Esports, and video games as a whole lack the defining quality of a sport — physical exertion. The only physical exertion involved in playing video games is a user’s hand moving around on a mouse or controller or using fingers on a keyboard, which feels inadequate to amount to a sport. Athletes in traditional sports usually undergo extensive physical training while in Esports, players sit at desks and stare at monitors for hours on end. While gaming requires strategizing and cognitive effort, making it similar to games like chess, it lacks the rigorous physicality of traditional sports.
Another problem with classifying Esports as a sport is the industry’s inconsistency. International organizations, like the Fédération Internationale de Football Association (FIFA), set consistent rules and standards for traditional sports, whereas Esports has multiple organizations that govern various games. The lack of standardization contributes to a less formal and professional organization than governed sports like soccer. Esports lack the universal acceptance that traditional sports do. While the Olympics recognize non-traditional sports such as breakdancing, they have not recognized Esports, emphasizing the lack of seriousness of video games in the professional sporting world.
Proponents of Esports argue that the average person can’t compete against the world’s best video game players and win, however, other activities such as cooking use this same logic. There is an obvious gap in skill level between an amateur cook and the best executive chefs in the world, just as there is between professional video game players and everyday gamers. However, this doesn’t mean cooking should become an Olympic sport — the same logic applies to video games.
Playing video games can also affect your brain in the same way addictive drugs do. While excessively playing sports has the potential to damage a person’s musculoskeletal system or create disturbances in a person’s cardiovascular system, video games are just as addictive as gambling. Additionally, playing video games can lead to psychological problems and depression, while one cannot define playing traditional sports like soccer or football as an addiction due to a lack of research showing the negative effects of compulsive exercising.
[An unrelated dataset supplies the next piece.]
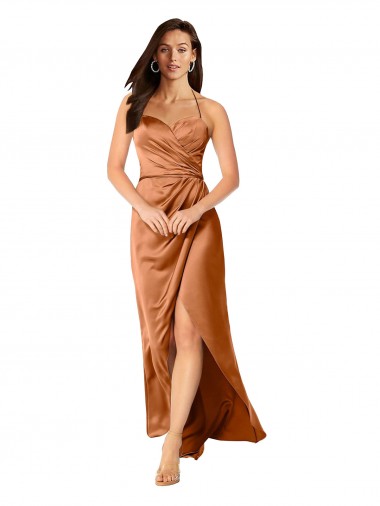 A-Linien Spaghetti-Träger Seidiger Satin Lange Formale Brautjungfernkleider / Abendkleider / Abiballkleider Kaufen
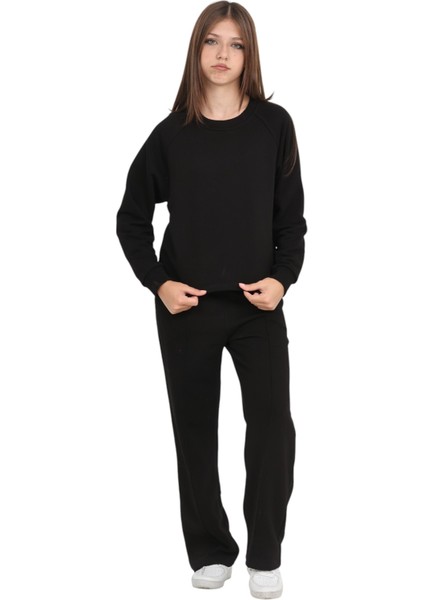 Kız Çocuk Palazzo Pantolon Beli Lastikli 3 Iplik Pamuklu Reglan Kol Günlük-Okul Eşofman Takımı modelleri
While many traditional sports can have lasting effects on their athletes, video games do not involve enough physical activity to keep gamers active and healthy, helping explain why one cannot classify esports alongside traditional sports.
Why should Esports not be recognized as a sport?
According to the Oxford Dictionary, a sport is an activity involving physical exertion and skill regulated by set rules or customs in which an individual or team competes against one another. It cannot be denied that playing video games at a high level takes a significant degree of skill, and Esports competitions use rules to score participants. Discourse arises when discussing the physical exertion that people believe video games lack.
To expand the variety of activities considered as sports, the International Olympic Committee recognizes chess as a sport. Other than lifting and placing one-ounce pieces, it doesn’t involve physical exertion. Rather, its exertion lies in the mind and its endurance. This reclassification extends the definition of sports to reach all types of exertion, not just physical. As it happens, though, Esports requires both.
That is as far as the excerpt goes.